- _Task description_
In the material below, pictures must be dropped. Repeat exactly, and only, the lines from the line with "TOMB RAIDER STARRING" to the line with "Андрей Попов", both ends included.

- _Supplied records_
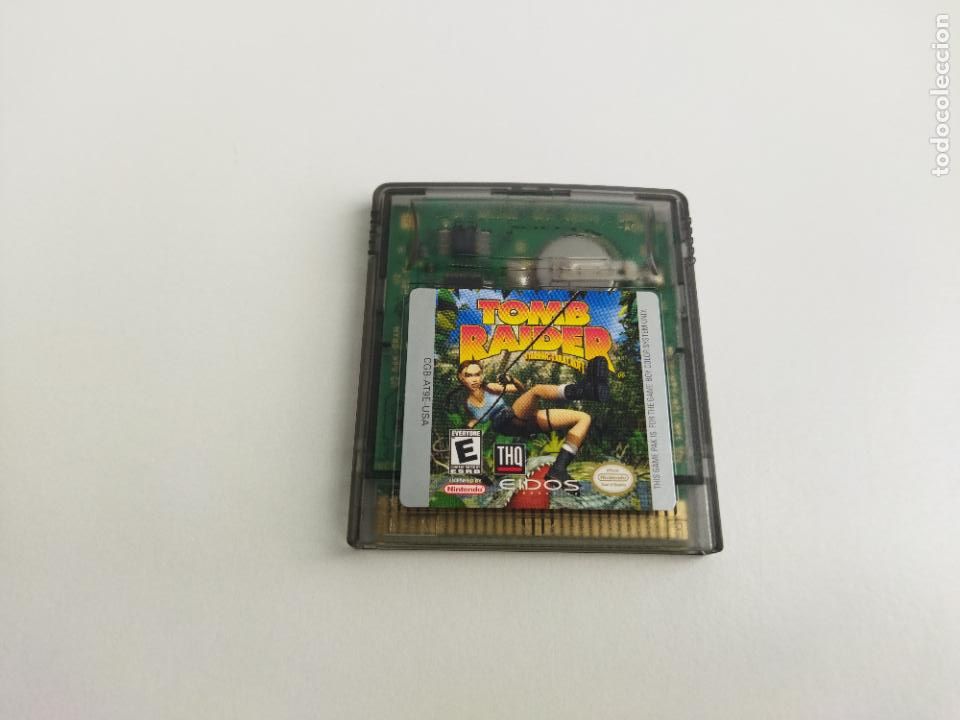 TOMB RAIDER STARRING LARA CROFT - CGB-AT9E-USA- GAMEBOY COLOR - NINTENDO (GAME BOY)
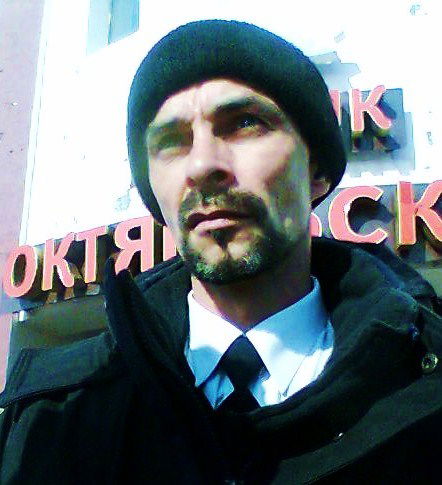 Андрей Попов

* * *

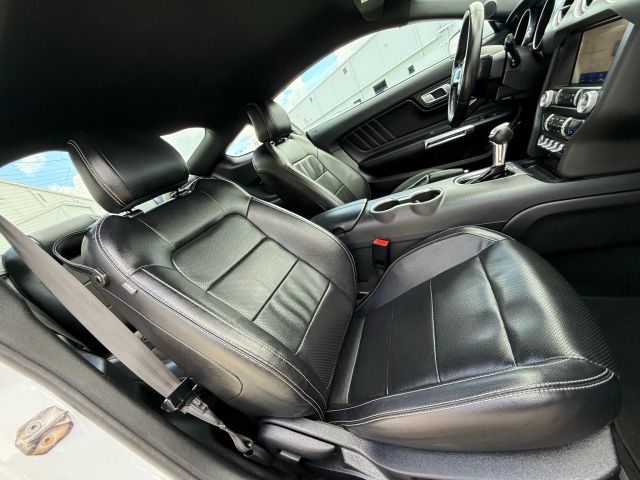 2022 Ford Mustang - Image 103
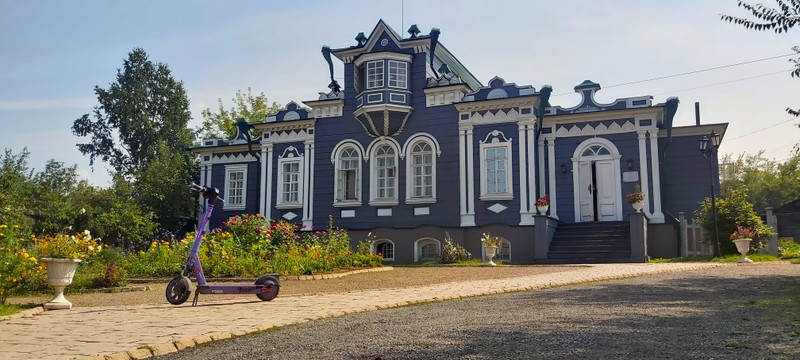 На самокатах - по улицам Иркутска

- _Written response_
 TOMB RAIDER STARRING LARA CROFT - CGB-AT9E-USA- GAMEBOY COLOR - NINTENDO (GAME BOY)
 Андрей Попов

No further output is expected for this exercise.